I generally just enjoy the actual act of making things, after it’s made or performed I kind of just move onto the next thing. It is however, super satisfying and I feel, I guess; accomplished - at every exhibition, or gig we organise or perform at. Taking a moment to look up, and glance around the room at people enjoying themselves is pretty priceless and it makes me feel like I've done something to aid them to experience their current joy. So I guess, what I'm most proud of is being in a position with art and music to create things that are able to make people happy.
How has Covid affected your work and the industry locally?
Mostly negatively. There have been some good things happen during the time, sure; but realistically it’s totally decimated the music industry, artists and art-workers that work within it. It would be responsible for the loss of a heap of employment opportunities for artists and workers nationwide.

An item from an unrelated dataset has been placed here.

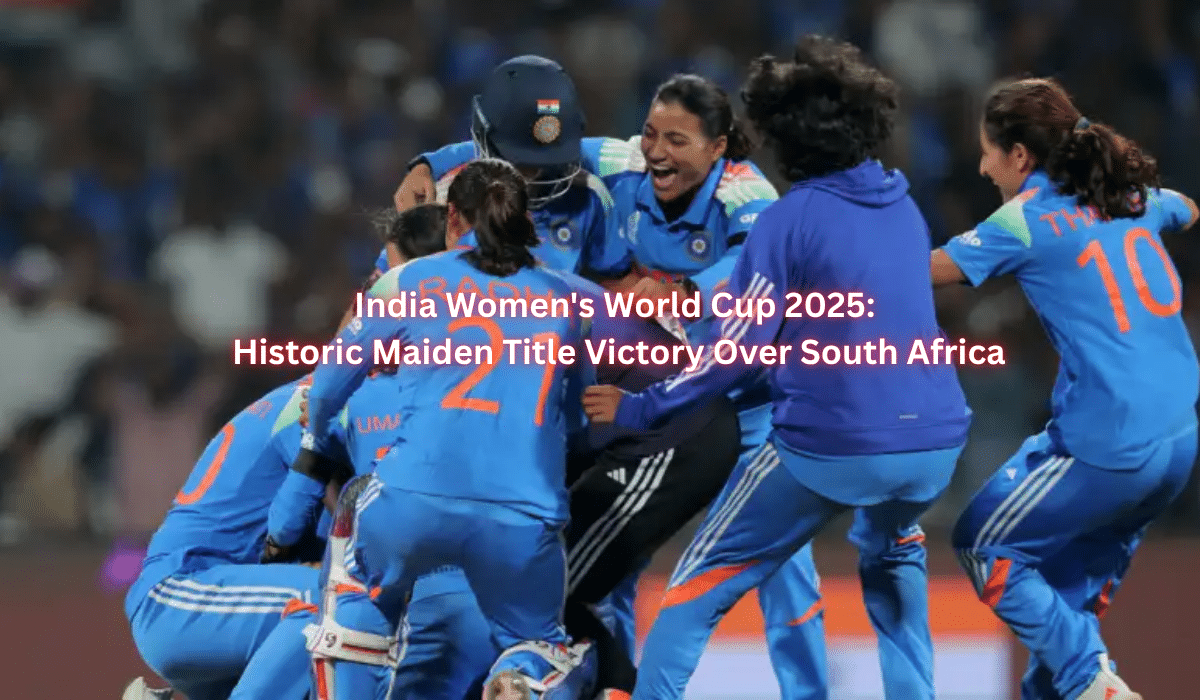 Indian women's cricket team celebrates maiden ICC Women's World Cup 2025 victory at DY Patil Stadium, players in blue jerseys holding trophy and embracing in celebration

Tell us about your band Hoon
Hoon is a garage punk band from Wollongong. Three of us were born here. We’ve been playing together for quite a while now and have done some awesome shows during that time. We’ve been lucky enough to be able to tour internationally, and regularly tour Australia (pre-Covid). We got our last Australian tour done over July-August in 2019, prior to starting to write our debut studio album.
We played the Farmer & The Owl Festival and a couple of other shows before Covid, but we didn’t really foresee a near year-long lockdown on music.
What’s your favourite local music venue?
My favourite venue in Wollongong was Rad Bar. Because it was the only live music specific venue in the CBD, it also harboured creative culture outside of music, being the first place I was ever to exhibit as a Visual Artist and I’m sure many others first time as well. Fortunately, since it’s demolition; Nathan Stratton opened Lalala’s. Lalala’s has a very different charm to Rad Bar, but it has the same absolutely necessary and beautiful core functions as Rad Bar - and that is to provide opportunity for performers and give punters as many live music nights per week as possible.